The idiomatic way of writing concurrent code in Go is as a collection of goroutines communicating over channels. In my experience, the Publish-subscibe pattern (PubSub) comes up often as a way to structure code. The pattern presented here has topic-based subscriptions, but publish-subscribe can appear in other disguises as well. In its most simple form, it could be a goroutine that produces data and wants to notify a group of other goroutines of that data, with each downstream goroutine having access to the data separately (rather than on a first-come-first-serve basis as in a work queue).
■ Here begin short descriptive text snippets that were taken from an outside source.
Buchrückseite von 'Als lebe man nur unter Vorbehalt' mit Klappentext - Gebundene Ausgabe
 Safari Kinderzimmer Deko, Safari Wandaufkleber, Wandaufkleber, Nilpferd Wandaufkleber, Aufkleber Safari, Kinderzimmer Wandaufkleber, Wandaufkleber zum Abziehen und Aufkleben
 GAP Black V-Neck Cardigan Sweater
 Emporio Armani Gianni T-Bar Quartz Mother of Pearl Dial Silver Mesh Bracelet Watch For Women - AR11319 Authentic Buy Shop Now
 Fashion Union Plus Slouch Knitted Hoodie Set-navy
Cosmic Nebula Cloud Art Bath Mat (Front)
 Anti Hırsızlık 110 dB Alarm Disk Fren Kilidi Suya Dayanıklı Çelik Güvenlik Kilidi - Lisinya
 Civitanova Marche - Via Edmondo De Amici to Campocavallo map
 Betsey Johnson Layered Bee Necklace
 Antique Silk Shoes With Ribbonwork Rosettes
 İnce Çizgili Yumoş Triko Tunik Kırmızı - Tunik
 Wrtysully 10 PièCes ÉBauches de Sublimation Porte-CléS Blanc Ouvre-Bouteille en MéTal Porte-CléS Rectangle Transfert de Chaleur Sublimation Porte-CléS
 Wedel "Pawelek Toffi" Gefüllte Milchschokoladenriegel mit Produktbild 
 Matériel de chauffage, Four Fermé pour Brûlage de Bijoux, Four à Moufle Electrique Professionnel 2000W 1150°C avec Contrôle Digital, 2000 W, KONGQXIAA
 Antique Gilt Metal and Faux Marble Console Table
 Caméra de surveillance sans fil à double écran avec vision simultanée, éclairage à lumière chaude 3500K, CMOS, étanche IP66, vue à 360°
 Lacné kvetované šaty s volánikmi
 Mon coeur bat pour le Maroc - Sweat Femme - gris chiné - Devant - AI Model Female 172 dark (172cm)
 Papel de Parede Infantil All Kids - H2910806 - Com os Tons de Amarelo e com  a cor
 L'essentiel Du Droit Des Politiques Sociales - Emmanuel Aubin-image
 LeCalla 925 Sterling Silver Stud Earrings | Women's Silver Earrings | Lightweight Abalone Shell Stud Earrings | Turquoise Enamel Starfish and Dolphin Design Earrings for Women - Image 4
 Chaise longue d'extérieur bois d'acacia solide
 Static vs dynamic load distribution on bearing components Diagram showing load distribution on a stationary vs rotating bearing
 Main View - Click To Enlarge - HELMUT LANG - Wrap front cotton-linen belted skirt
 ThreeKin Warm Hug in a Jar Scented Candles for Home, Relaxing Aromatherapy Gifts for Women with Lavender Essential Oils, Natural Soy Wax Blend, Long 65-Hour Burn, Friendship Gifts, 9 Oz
If "PubSub" doesn't ring a bell, you might be familiar with its alter egos "message broker" and "event bus".

In this post I'll present a brief overview of some design decisions that arise when implementing PubSub for a Go application. To be clear: this is PubSub for in-process communication between multiple goroutines over channels. It does not attempt to solve a distributed PubSub problem, which requires sophisticated mechanisms for fault-tolerance. Within a single Go process we assume goroutines don't just fail and all data sent into channels can be reliably read from the other end.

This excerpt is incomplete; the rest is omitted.